§ **EXERCISE GOAL**
Repeat the data below with no changes.

[Short text fragments from websites]

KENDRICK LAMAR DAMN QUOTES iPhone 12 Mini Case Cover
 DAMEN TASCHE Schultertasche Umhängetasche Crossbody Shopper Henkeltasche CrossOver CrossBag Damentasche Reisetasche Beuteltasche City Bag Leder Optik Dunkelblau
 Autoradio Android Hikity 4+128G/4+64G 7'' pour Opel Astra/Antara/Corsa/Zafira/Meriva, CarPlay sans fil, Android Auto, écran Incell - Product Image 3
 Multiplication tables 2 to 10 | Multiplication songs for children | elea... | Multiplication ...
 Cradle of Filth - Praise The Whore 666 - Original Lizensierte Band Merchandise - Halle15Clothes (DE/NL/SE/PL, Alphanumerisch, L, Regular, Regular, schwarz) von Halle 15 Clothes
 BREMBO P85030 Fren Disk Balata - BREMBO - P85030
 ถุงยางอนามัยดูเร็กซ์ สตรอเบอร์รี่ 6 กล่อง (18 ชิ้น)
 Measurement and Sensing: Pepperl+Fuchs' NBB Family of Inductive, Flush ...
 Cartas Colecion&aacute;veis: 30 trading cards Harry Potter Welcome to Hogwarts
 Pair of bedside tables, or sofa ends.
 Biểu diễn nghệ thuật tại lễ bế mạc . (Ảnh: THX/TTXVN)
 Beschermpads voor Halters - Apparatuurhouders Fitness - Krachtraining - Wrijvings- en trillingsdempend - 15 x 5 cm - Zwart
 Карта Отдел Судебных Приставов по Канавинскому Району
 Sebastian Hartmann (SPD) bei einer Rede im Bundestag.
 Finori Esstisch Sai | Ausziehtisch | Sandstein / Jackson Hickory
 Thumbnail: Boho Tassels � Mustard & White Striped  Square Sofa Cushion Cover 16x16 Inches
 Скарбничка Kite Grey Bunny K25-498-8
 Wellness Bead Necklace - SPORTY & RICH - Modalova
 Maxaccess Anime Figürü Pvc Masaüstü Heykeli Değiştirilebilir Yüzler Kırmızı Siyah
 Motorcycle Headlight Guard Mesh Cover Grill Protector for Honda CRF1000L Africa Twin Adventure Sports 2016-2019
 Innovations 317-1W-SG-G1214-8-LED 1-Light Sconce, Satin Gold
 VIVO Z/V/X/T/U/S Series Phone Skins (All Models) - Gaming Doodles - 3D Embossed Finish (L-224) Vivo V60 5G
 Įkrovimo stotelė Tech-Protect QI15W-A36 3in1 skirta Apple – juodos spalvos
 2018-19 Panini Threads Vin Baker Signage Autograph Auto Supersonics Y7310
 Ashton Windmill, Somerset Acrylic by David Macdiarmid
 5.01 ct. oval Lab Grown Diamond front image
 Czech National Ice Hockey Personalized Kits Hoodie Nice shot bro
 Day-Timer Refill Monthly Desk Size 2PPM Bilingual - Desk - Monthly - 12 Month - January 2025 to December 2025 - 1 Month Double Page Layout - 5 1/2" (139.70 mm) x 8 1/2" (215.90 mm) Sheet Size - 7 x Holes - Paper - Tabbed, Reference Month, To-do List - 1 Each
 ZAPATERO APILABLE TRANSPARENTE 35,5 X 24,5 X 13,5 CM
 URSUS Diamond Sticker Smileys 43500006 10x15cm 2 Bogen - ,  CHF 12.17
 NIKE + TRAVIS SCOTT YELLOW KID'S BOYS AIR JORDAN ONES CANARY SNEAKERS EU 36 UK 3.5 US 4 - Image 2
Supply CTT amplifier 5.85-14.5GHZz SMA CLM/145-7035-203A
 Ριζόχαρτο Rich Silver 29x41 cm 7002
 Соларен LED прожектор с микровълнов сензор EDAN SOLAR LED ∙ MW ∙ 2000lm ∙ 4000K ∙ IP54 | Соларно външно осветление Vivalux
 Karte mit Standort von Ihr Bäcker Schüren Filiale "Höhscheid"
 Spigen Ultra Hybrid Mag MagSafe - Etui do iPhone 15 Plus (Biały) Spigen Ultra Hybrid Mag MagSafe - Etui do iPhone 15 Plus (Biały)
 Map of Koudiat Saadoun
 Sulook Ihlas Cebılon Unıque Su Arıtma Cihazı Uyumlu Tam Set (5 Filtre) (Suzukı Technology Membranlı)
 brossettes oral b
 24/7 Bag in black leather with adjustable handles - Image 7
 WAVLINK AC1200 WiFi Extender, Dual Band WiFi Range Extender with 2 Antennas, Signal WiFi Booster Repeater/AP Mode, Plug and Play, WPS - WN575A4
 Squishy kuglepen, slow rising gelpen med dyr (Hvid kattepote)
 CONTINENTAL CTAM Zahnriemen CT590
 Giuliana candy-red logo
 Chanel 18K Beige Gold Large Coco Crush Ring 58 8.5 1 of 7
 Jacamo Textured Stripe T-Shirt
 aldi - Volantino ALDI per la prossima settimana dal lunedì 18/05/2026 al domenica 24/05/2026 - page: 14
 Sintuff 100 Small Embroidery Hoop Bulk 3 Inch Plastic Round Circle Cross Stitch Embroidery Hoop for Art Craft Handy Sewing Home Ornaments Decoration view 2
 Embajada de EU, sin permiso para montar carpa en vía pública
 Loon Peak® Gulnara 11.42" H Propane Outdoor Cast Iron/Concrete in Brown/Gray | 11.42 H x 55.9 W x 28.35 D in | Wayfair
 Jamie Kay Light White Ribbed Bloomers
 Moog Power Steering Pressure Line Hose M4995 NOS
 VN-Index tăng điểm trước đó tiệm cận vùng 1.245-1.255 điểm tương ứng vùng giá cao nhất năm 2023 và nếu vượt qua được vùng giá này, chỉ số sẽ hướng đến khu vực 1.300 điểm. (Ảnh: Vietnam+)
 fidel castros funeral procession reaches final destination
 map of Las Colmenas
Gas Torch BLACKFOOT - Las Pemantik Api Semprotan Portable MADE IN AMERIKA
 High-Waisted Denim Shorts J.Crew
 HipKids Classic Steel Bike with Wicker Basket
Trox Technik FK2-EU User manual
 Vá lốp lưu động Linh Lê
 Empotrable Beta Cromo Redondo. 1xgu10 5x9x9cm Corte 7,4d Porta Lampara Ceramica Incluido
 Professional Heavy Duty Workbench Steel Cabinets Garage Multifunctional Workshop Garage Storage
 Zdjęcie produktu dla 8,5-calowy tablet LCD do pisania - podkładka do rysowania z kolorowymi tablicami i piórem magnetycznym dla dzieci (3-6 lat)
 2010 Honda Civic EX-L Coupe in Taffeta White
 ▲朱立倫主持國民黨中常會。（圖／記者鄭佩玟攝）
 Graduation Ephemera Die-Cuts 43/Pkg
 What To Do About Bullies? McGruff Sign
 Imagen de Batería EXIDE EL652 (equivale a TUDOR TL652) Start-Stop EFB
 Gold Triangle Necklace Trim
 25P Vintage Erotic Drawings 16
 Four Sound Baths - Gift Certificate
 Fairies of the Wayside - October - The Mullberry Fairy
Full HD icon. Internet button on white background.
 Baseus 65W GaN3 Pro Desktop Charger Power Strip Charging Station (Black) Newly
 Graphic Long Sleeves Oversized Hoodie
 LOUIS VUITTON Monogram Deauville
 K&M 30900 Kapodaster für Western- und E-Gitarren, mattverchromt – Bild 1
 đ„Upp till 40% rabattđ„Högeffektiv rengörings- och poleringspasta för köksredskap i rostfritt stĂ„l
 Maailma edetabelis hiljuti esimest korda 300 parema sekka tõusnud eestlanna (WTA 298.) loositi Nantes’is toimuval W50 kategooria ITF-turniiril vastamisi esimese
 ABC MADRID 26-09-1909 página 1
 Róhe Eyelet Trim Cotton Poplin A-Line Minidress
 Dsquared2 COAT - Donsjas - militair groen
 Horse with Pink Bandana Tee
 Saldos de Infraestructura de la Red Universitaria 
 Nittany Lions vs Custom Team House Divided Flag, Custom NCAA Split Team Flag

§ **EXERCISE RESPONSE**
KENDRICK LAMAR DAMN QUOTES iPhone 12 Mini Case Cover
 DAMEN TASCHE Schultertasche Umhängetasche Crossbody Shopper Henkeltasche CrossOver CrossBag Damentasche Reisetasche Beuteltasche City Bag Leder Optik Dunkelblau
 Autoradio Android Hikity 4+128G/4+64G 7'' pour Opel Astra/Antara/Corsa/Zafira/Meriva, CarPlay sans fil, Android Auto, écran Incell - Product Image 3
 Multiplication tables 2 to 10 | Multiplication songs for children | elea... | Multiplication ...
 Cradle of Filth - Praise The Whore 666 - Original Lizensierte Band Merchandise - Halle15Clothes (DE/NL/SE/PL, Alphanumerisch, L, Regular, Regular, schwarz) von Halle 15 Clothes
 BREMBO P85030 Fren Disk Balata - BREMBO - P85030
 ถุงยางอนามัยดูเร็กซ์ สตรอเบอร์รี่ 6 กล่อง (18 ชิ้น)
 Measurement and Sensing: Pepperl+Fuchs' NBB Family of Inductive, Flush ...
 Cartas Colecion&aacute;veis: 30 trading cards Harry Potter Welcome to Hogwarts
 Pair of bedside tables, or sofa ends.
 Biểu diễn nghệ thuật tại lễ bế mạc . (Ảnh: THX/TTXVN)
 Beschermpads voor Halters - Apparatuurhouders Fitness - Krachtraining - Wrijvings- en trillingsdempend - 15 x 5 cm - Zwart
 Карта Отдел Судебных Приставов по Канавинскому Району
 Sebastian Hartmann (SPD) bei einer Rede im Bundestag.
 Finori Esstisch Sai | Ausziehtisch | Sandstein / Jackson Hickory
 Thumbnail: Boho Tassels � Mustard & White Striped  Square Sofa Cushion Cover 16x16 Inches
 Скарбничка Kite Grey Bunny K25-498-8
 Wellness Bead Necklace - SPORTY & RICH - Modalova
 Maxaccess Anime Figürü Pvc Masaüstü Heykeli Değiştirilebilir Yüzler Kırmızı Siyah
 Motorcycle Headlight Guard Mesh Cover Grill Protector for Honda CRF1000L Africa Twin Adventure Sports 2016-2019
 Innovations 317-1W-SG-G1214-8-LED 1-Light Sconce, Satin Gold
 VIVO Z/V/X/T/U/S Series Phone Skins (All Models) - Gaming Doodles - 3D Embossed Finish (L-224) Vivo V60 5G
 Įkrovimo stotelė Tech-Protect QI15W-A36 3in1 skirta Apple – juodos spalvos
 2018-19 Panini Threads Vin Baker Signage Autograph Auto Supersonics Y7310
 Ashton Windmill, Somerset Acrylic by David Macdiarmid
 5.01 ct. oval Lab Grown Diamond front image
 Czech National Ice Hockey Personalized Kits Hoodie Nice shot bro
 Day-Timer Refill Monthly Desk Size 2PPM Bilingual - Desk - Monthly - 12 Month - January 2025 to December 2025 - 1 Month Double Page Layout - 5 1/2" (139.70 mm) x 8 1/2" (215.90 mm) Sheet Size - 7 x Holes - Paper - Tabbed, Reference Month, To-do List - 1 Each
 ZAPATERO APILABLE TRANSPARENTE 35,5 X 24,5 X 13,5 CM
 URSUS Diamond Sticker Smileys 43500006 10x15cm 2 Bogen - ,  CHF 12.17
 NIKE + TRAVIS SCOTT YELLOW KID'S BOYS AIR JORDAN ONES CANARY SNEAKERS EU 36 UK 3.5 US 4 - Image 2
Supply CTT amplifier 5.85-14.5GHZz SMA CLM/145-7035-203A
 Ριζόχαρτο Rich Silver 29x41 cm 7002
 Соларен LED прожектор с микровълнов сензор EDAN SOLAR LED ∙ MW ∙ 2000lm ∙ 4000K ∙ IP54 | Соларно външно осветление Vivalux
 Karte mit Standort von Ihr Bäcker Schüren Filiale "Höhscheid"
 Spigen Ultra Hybrid Mag MagSafe - Etui do iPhone 15 Plus (Biały) Spigen Ultra Hybrid Mag MagSafe - Etui do iPhone 15 Plus (Biały)
 Map of Koudiat Saadoun
 Sulook Ihlas Cebılon Unıque Su Arıtma Cihazı Uyumlu Tam Set (5 Filtre) (Suzukı Technology Membranlı)
 brossettes oral b
 24/7 Bag in black leather with adjustable handles - Image 7
 WAVLINK AC1200 WiFi Extender, Dual Band WiFi Range Extender with 2 Antennas, Signal WiFi Booster Repeater/AP Mode, Plug and Play, WPS - WN575A4
 Squishy kuglepen, slow rising gelpen med dyr (Hvid kattepote)
 CONTINENTAL CTAM Zahnriemen CT590
 Giuliana candy-red logo
 Chanel 18K Beige Gold Large Coco Crush Ring 58 8.5 1 of 7
 Jacamo Textured Stripe T-Shirt
 aldi - Volantino ALDI per la prossima settimana dal lunedì 18/05/2026 al domenica 24/05/2026 - page: 14
 Sintuff 100 Small Embroidery Hoop Bulk 3 Inch Plastic Round Circle Cross Stitch Embroidery Hoop for Art Craft Handy Sewing Home Ornaments Decoration view 2
 Embajada de EU, sin permiso para montar carpa en vía pública
 Loon Peak® Gulnara 11.42" H Propane Outdoor Cast Iron/Concrete in Brown/Gray | 11.42 H x 55.9 W x 28.35 D in | Wayfair
 Jamie Kay Light White Ribbed Bloomers
 Moog Power Steering Pressure Line Hose M4995 NOS
 VN-Index tăng điểm trước đó tiệm cận vùng 1.245-1.255 điểm tương ứng vùng giá cao nhất năm 2023 và nếu vượt qua được vùng giá này, chỉ số sẽ hướng đến khu vực 1.300 điểm. (Ảnh: Vietnam+)
 fidel castros funeral procession reaches final destination
 map of Las Colmenas
Gas Torch BLACKFOOT - Las Pemantik Api Semprotan Portable MADE IN AMERIKA
 High-Waisted Denim Shorts J.Crew
 HipKids Classic Steel Bike with Wicker Basket
Trox Technik FK2-EU User manual
 Vá lốp lưu động Linh Lê
 Empotrable Beta Cromo Redondo. 1xgu10 5x9x9cm Corte 7,4d Porta Lampara Ceramica Incluido
 Professional Heavy Duty Workbench Steel Cabinets Garage Multifunctional Workshop Garage Storage
 Zdjęcie produktu dla 8,5-calowy tablet LCD do pisania - podkładka do rysowania z kolorowymi tablicami i piórem magnetycznym dla dzieci (3-6 lat)
 2010 Honda Civic EX-L Coupe in Taffeta White
 ▲朱立倫主持國民黨中常會。（圖／記者鄭佩玟攝）
 Graduation Ephemera Die-Cuts 43/Pkg
 What To Do About Bullies? McGruff Sign
 Imagen de Batería EXIDE EL652 (equivale a TUDOR TL652) Start-Stop EFB
 Gold Triangle Necklace Trim
 25P Vintage Erotic Drawings 16
 Four Sound Baths - Gift Certificate
 Fairies of the Wayside - October - The Mullberry Fairy
Full HD icon. Internet button on white background.
 Baseus 65W GaN3 Pro Desktop Charger Power Strip Charging Station (Black) Newly
 Graphic Long Sleeves Oversized Hoodie
 LOUIS VUITTON Monogram Deauville
 K&M 30900 Kapodaster für Western- und E-Gitarren, mattverchromt – Bild 1
 đ„Upp till 40% rabattđ„Högeffektiv rengörings- och poleringspasta för köksredskap i rostfritt stĂ„l
 Maailma edetabelis hiljuti esimest korda 300 parema sekka tõusnud eestlanna (WTA 298.) loositi Nantes’is toimuval W50 kategooria ITF-turniiril vastamisi esimese
 ABC MADRID 26-09-1909 página 1
 Róhe Eyelet Trim Cotton Poplin A-Line Minidress
 Dsquared2 COAT - Donsjas - militair groen
 Horse with Pink Bandana Tee
 Saldos de Infraestructura de la Red Universitaria 
 Nittany Lions vs Custom Team House Divided Flag, Custom NCAA Split Team Flag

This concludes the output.